Ô Cameroun, berceau de nos ancêtres,
Autrefois, tu vécus dans la barbarie.
Comme un soleil, tu commences à paraître,
Peu à peu tu sors de ta sauvagerie.
Que tous tes enfants, du nord au sud,
De l’est à l’ouest soient tout amour.
Te servir que ce soit leur seul but,
Pour remplir leur devoir toujours.

Qu’ont-ils bien pu faire, les Camerounais, pour mériter un tel hymne? Fort heureusement, ce dommage sera modifié et remplacé en 1970 par un hommage, d’où les paroles qui suivent :

Ô Cameroun, berceau de nos ancêtres,
Va debout et jaloux de ta liberté.
Comme un soleil ton drapeau fier doit être
Un symbole ardent de foi et d’unité.
Que tous tes enfants du nord au sud,
de l’est à l’ouest soient tout amour,
Te servir que ce soit leur seul but,
Pour remplir leur devoir toujours.

L’hymne national du Cameroun, un poème-chant à décolonialiser et à réécrire, est le titre d’un livre publié par Thomas Théophile Nug Bissohong, enseignant-chercheur à la Faculté des Lettres et Sciences-Humaines de l’Université de Douala. Dans la préface, le Pr Jacques Fame Ndongo affirme: « Au Cameroun coexistent aujourd’hui deux hymnes nationaux: celui principalement d’essence francophone, et qui est le chant de ralliement composé en 1928 par les élèves de Fulassi puis adopté bien avant la proclamation de l’indépendance en 1960 et légèrement modifié le 20 mai 1970, pour en expurger les dénotations colonialistes tendant à consolider la barbarie et la sauvagerie des nègres, et l’autre texte de l’hymne national, écrit par Bernard Fonlon au moment de la Réunification en 1961 et officiellement reconnu le 12 juillet 1978, d’inspiration anglophone, avec une immersion géopolitique dans le Cameroun profond. »

CARNET DE VOYAGE: QUATRE JOURS AU PAYS DE PAUL BIYA (1ère Partie)

Les deux langues officielles du Cameroun sont donc le français et l’anglais.
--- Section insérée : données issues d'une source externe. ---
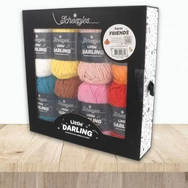 Scheepjes Little Darlin Farm Friends Yarn Pack - 8 gombolyag fonal  - 8 balls of yarn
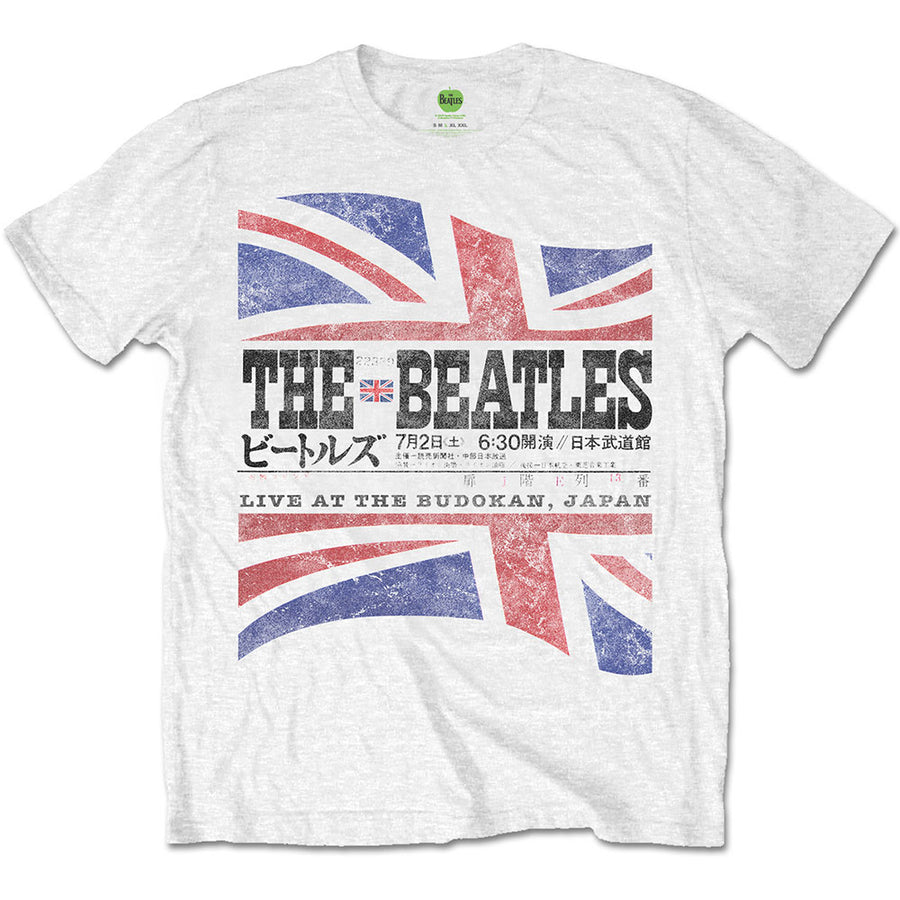 ビートルズ Tシャツ 「武道館チケット＆セットリスト - 白」 BEATLES 公式 グッズ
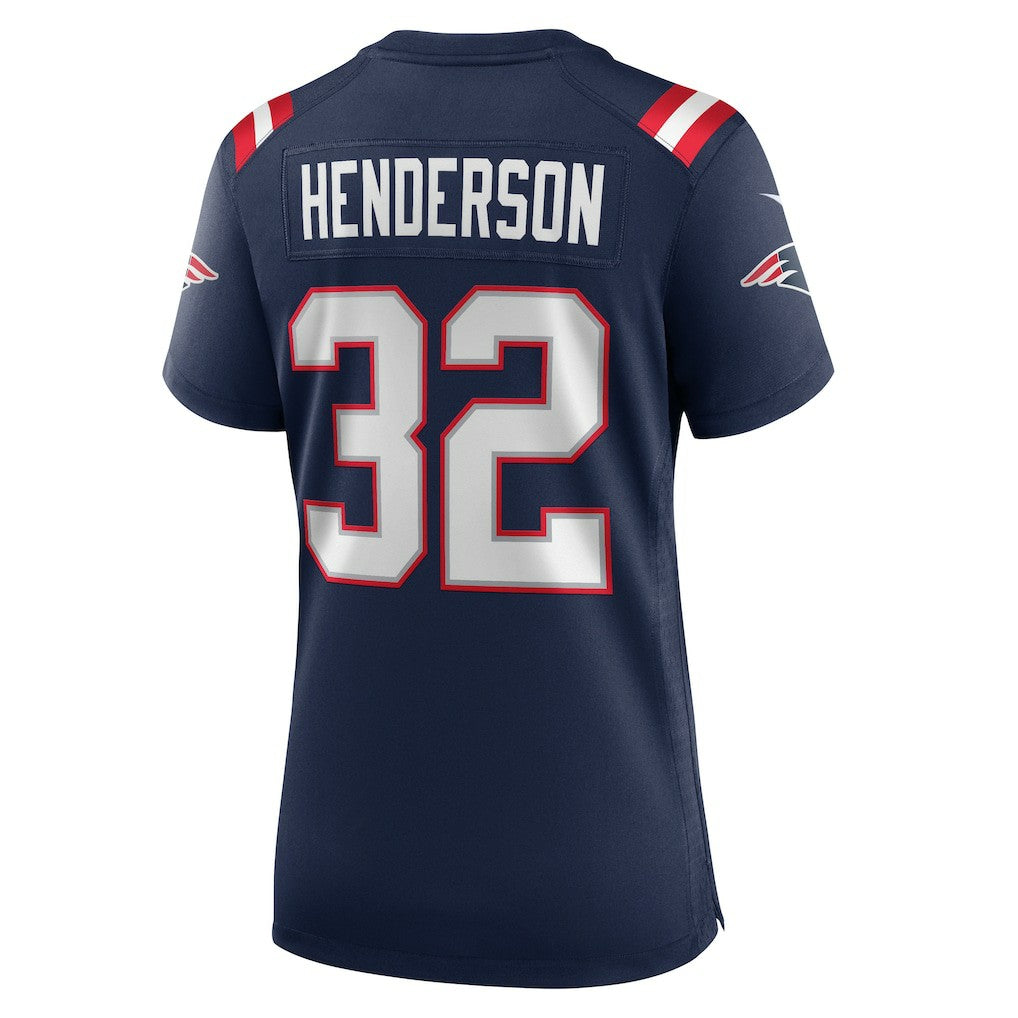 TreVeyon Henderson New England Patriots Women's Game Jersey - Navy Jerseys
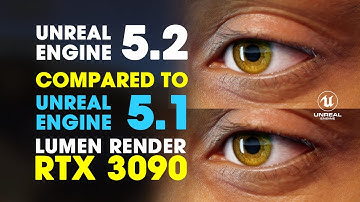 Unreal Engine 5.2 VS Unreal Engine 5.1 ~ Realistic MetaHuman | LUMEN + iClone ~ RTX 3090 GPU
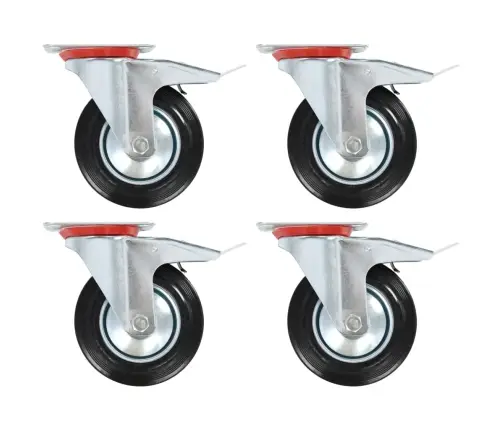 Pöörlevad Rattad Topeltpiduritega 4 Tk 160 Mm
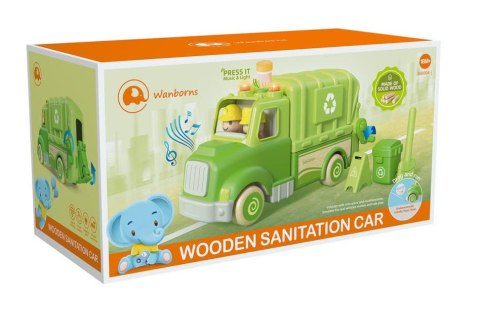 Drewniana Śmieciarka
Le pays se veut bilingue et appartient à la fois à la Francophonie et au Commonwealth. Il s’agit d’un héritage du passé colonial. Le Cameroun ayant été un protectorat à la fois du Royaume-Uni (Cameroun occidental: 1922-1961) et de la France (Cameroun oriental: 1916/1919-1960) jusqu’à son indépendance en 1960. L’allemand, langue du premier colonisateur de 1884 jusqu’en 1916, a gravement perdu de son influence face aux deux successeurs, mais est enseigné comme langue étrangère dans le système éducatif.

Huit des dix régions du Cameroun sont à majorité francophones, soit 83% de la population ; et deux à majorité anglophone, 17% de la population. Les deux plus grandes villes sont Douala, 2 millions d’habitants, capitale économique abritant le principal port ; et Yaoundé, capitale politique et administrative avec plus de 1,7 million d’habitants. La proportion d’anglophones est en régression constante, étant passée de 21% de la population nationale en 1976, à 20% en 1987 et 17% en 2005. Elle est estimée à 16% en 2015.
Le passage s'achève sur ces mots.